■ **WHAT THIS TASK INVOLVES**
Since the records include pictures, leave those out while you reproduce exactly and only the lines from the one containing "Folyo Balon 40 cm Harf Yıldızlı Mavi - O - 1" through the one containing "PIVOT Glass S2", inclusive.

■ **SOURCE MATERIAL**
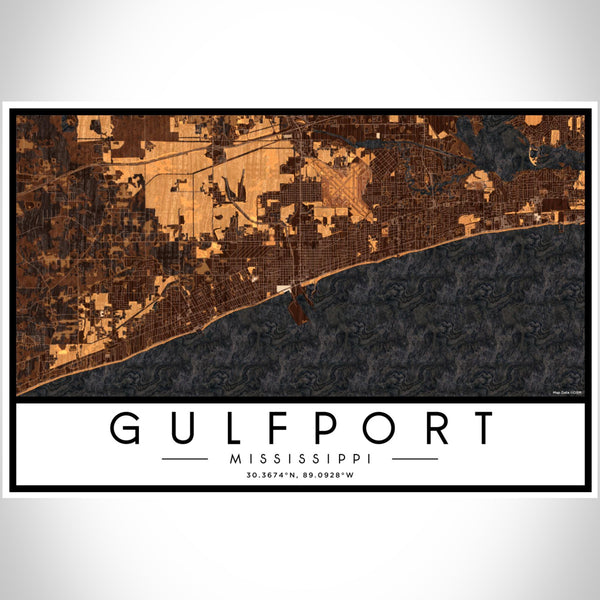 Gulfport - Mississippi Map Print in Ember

...

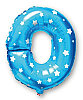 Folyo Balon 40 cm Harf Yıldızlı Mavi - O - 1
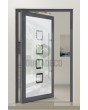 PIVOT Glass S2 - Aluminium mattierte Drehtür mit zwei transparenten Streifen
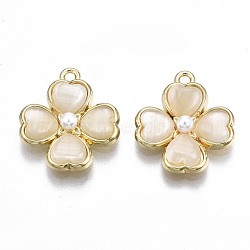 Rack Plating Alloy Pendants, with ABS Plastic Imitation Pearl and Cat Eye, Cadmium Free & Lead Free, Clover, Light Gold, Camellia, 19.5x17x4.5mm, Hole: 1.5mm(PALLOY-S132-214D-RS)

* * *

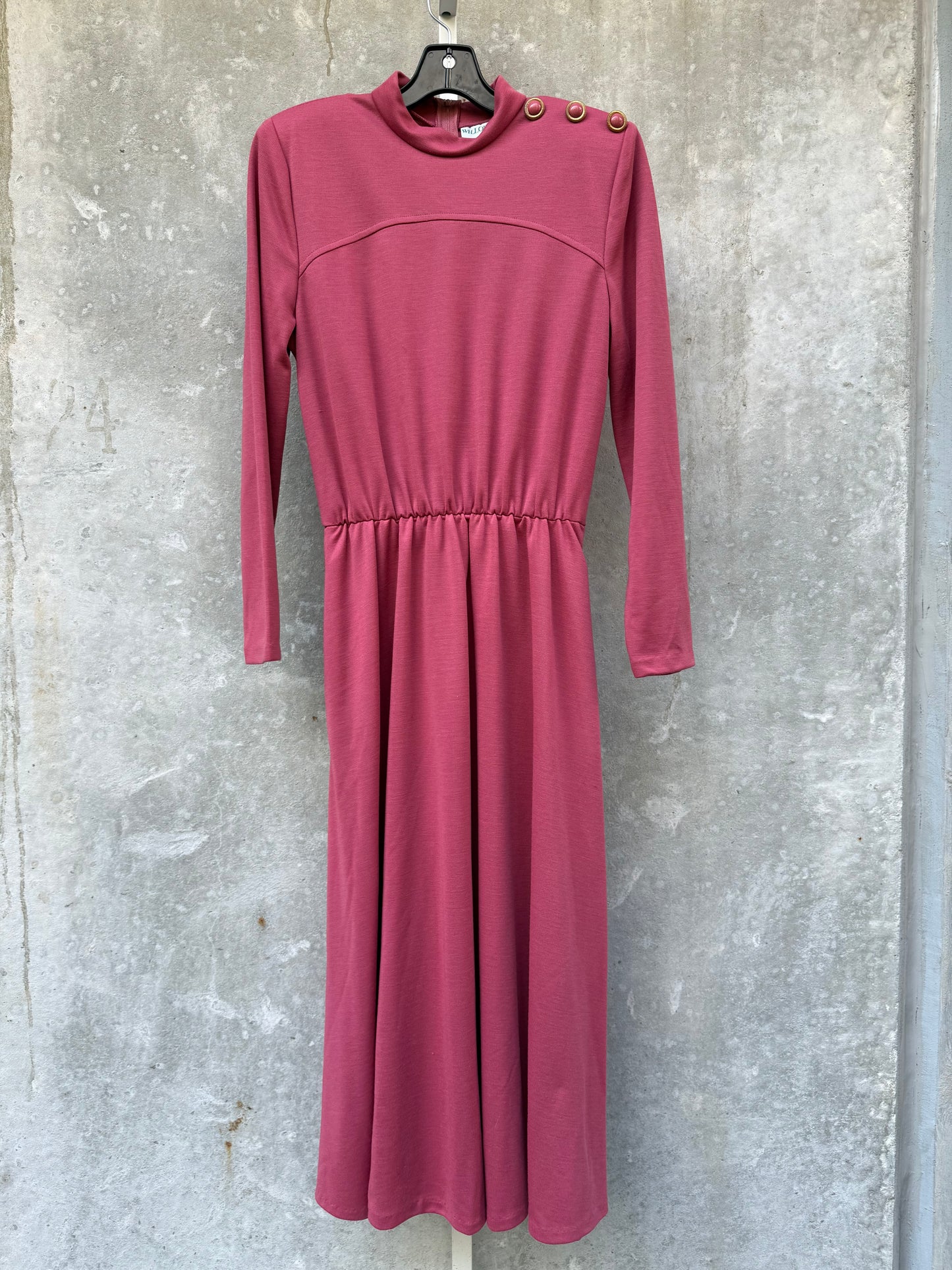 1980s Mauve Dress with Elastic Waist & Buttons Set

■ **EXPECTED ANSWER**
 Folyo Balon 40 cm Harf Yıldızlı Mavi - O - 1
 PIVOT Glass S2 - Aluminium mattierte Drehtür mit zwei transparenten Streifen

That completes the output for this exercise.